La puerta se abrió y sus tres hermanitas entraron en tropel, seguidas de Roquero Solitario, un shih tzu con aspecto de escoba y el flequillo recogido en dos coletas. El perro saltó sobre la cama de Leo e hizo un par de juguetonas cabriolas.

—Leo leoncito, cara de chorlito —canturreó Ariana, de cinco años; la más pequeña de la familia (hasta que el siguiente saliera del horno)—. Mamá tiene una chancla con tu nombre.

—¿Para qué quiero una chancla? —inquirió Leo, somnoliento, recogiendo la ropa y haciéndola un montón a los pies de la cama. Esta desprendía un olor salado a sudor.

—Para estampártela en la cara —aclaró Camila, de ocho años, apoyada en el marco de la puerta.

—Tenías que cortar el césped y hacer la colada —le recriminó Martina, de once—. ¡Y me ha tocado a mí! Además de hacer mis tareas, que son limpiar el salón y sacar de paseo a Roquero Solitario.
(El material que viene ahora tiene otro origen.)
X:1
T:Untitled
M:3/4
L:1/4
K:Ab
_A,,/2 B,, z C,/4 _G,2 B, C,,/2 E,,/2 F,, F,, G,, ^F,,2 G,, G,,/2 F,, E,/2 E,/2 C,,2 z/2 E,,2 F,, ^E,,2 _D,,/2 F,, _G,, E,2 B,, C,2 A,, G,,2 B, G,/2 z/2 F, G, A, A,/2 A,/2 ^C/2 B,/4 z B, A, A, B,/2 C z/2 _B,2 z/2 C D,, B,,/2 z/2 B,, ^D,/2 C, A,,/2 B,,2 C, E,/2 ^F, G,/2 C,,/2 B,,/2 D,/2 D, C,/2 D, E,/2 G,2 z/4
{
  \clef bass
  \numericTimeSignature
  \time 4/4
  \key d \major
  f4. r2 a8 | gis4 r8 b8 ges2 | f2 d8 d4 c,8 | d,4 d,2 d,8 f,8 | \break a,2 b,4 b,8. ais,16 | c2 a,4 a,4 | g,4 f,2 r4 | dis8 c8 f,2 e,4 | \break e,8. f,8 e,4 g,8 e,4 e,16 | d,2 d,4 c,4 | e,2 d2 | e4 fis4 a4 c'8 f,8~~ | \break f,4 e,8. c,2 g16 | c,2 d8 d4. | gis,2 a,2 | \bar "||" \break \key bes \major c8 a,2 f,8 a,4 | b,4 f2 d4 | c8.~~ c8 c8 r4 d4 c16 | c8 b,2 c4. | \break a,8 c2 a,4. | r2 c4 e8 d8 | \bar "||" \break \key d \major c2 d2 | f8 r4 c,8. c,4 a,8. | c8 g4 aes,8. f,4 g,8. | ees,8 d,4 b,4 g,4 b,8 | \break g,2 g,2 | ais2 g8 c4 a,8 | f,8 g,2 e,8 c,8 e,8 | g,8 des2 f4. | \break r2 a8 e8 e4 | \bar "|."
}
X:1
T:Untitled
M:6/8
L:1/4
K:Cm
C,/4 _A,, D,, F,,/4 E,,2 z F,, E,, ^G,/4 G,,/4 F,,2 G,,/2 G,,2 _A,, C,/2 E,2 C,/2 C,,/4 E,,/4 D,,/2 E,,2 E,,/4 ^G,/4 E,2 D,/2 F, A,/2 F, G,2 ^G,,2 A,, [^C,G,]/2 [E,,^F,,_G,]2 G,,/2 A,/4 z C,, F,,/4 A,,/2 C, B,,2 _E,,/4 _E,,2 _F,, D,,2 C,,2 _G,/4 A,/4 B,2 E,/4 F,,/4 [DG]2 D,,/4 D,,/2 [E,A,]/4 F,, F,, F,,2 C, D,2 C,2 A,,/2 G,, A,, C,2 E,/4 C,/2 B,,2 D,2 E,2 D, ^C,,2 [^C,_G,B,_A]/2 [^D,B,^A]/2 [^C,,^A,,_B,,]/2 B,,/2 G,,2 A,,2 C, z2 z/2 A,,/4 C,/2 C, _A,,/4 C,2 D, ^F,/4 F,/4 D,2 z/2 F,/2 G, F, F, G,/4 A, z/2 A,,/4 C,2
Pero mañana tú vas a hacer las mías.

—Sí, ni en sueños, bonita —dijo Leo, espantando a Roquero Solitario y estirando las mantas—. Haber esperado a que me levantara, no te fastidia. Anda qué, entre las tres me tenéis maltratado.

—¡Se lo voy a decir a mamá! —chilló Martina con la cara roja como una fresa.

—¡Sí, eso, a mamá! —aplaudió Ariana y derrapó por el pasillo hasta la cocina, seguida de Camila y una Martina furibunda, que caminaba con los puños apretados y a sonoros pisotones.

Leo puso los ojos en blanco y miró al perro, que ladró moviendo la cola de un lado a otro.

—Ahora sé lo que sientes —afirmó, señalando las coletas a ambos lados de su cabeza.

Fue al armario en busca de alguna prenda limpia, pero nada más abrir la puerta un cúmulo de almohadas, colchas y ropa de invierno cayó en avalancha sobre su cabeza.

Salvó del bulto una camiseta de manga corta y unos pantalones que le llegaban por las rodillas.

Entró en la cocina y se encontró una estampa conocida y extraña al mismo tiempo. A veces se preguntaba cómo hacía su madre para lidiar con cuatro hijos, un marido y un shih tzu.

El vientre de la mujer estaba hinchado y duro como un melón y el bebé daba más patadas que un futbolista. Tenía el rostro pálido y bolsas cenicientas bajo los ojos. Pero al menos sería un niño, que ya era hora.

Su madre —Helena—, estaba sentada y con los brazos apoyados en la mesa empotrada en una esquina de la cocina. Tenía la cabeza apoyada en la palma de la mano, su expresión era de paciencia: con los ojos en blanco y los labios apretados.